Les comptes de la Sécurité sociale ne sont finalement pas à l'équilibre en 2019
- Cet article date de plus d'un an
- Publié le 01 octobre 2019 à 14:20
- Mis à jour le 01 octobre 2019 à 14:24
- Lecture : 4 min
- Par : Guillaume DAUDIN
Copyright AFP 2017-2025. Toute réutilisation commerciale du contenu est sujet à un abonnement. Cliquez ici pour en savoir plus.
Le 25 septembre 2018, voilà ce que déclarait Gérald Darmanin, ministre de l'Action et des Comptes publics, à Bercy lors de la présentation du budget de la Sécurité sociale : "le solde de la Sécurité sociale sera excédentaire en 2019 d'environ 800 millions d'euros, pour la première fois depuis 2001, c'est-à-dire 18 ans. La Sécurité sociale sera de nouveau à l'équilibre. Depuis longtemps, on parle du +trou de la Sécurité sociale+, celui-ci est donc en passe d'être définitivement résorbé, c'est un point extrêmement satisfaisant".
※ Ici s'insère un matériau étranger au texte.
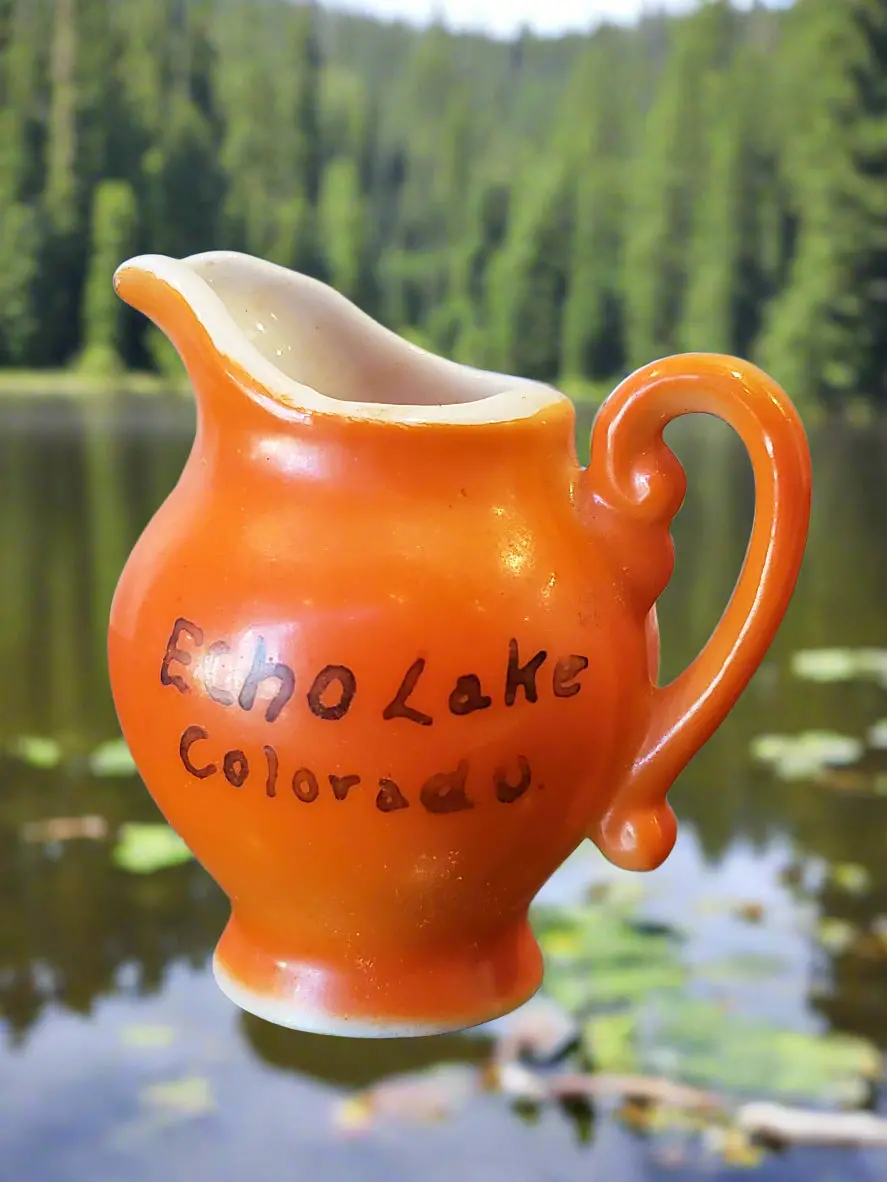 Echo Lake Colorado Orange Porcelain Souvenir Pitcher 1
Le gouvernement avait repris sur son site et sur sa page Facebook ce pronostic, affirmant qu'"après 18 ans de déficit, la Sécurité sociale dégagera un excédent de 700 millions d'euros en 2019".
Ces prévisions s'inscrivaient dans la lignée d'un communiqué commun de M. Darmanin et d'Agnès Buzyn, ministre des Solidarités et de la Santé, datant de juin 2019, dans lequel ils annonçaient "envisager un équilibre durable des comptes de la sécurité sociale" à venir.
Cela faisait surtout suite aux annonces du Premier ministre Edouard Philippe lors de sa déclaration de politique générale, le 4 juillet 2017 devant l'Assemblée nationale : le locataire de Matignon avait fixé pour objectif une Sécurité sociale à l'équilibre "à l'horizon 2020" (dépêche AFP).
Qu'en est-il finalement ?
Ce devait être l'année d'un historique retour à l'équilibre, attendu depuis 18 ans. Conséquence des mesures prises pour répondre à la crise des "gilets jaunes" et d'une conjoncture économique moins bonne qu'espéré, les comptes de la Sécurité sociale ont replongé dans le rouge cette année, obligeant le gouvernement à repousser à 2023 le retour à l'équilibre.
En fin de compte, le déficit de la Sécurité sociale atteindra 5,4 milliards d'euros en 2019 et encore 5,1 milliards l'an prochain, selon les chiffres du budget 2020 (projet de loi de financement de la Sécurité sociale, PLFSS) dévoilé lundi par le gouvernement.
Cette contre-performance avait été pressentie ces derniers mois : en juin, la Commission des comptes de la Sécu a prédit un déficit d'au moins 1,7 milliard d'euros, qui grimperait à 4,4 milliards si la facture des mesures en réponse à la crise des "gilets jaunes" n'était pas compensée par l'Etat. Lors d'une audition au Sénat, M. Darmanin avait dit viser "2022" pour l'équilibre.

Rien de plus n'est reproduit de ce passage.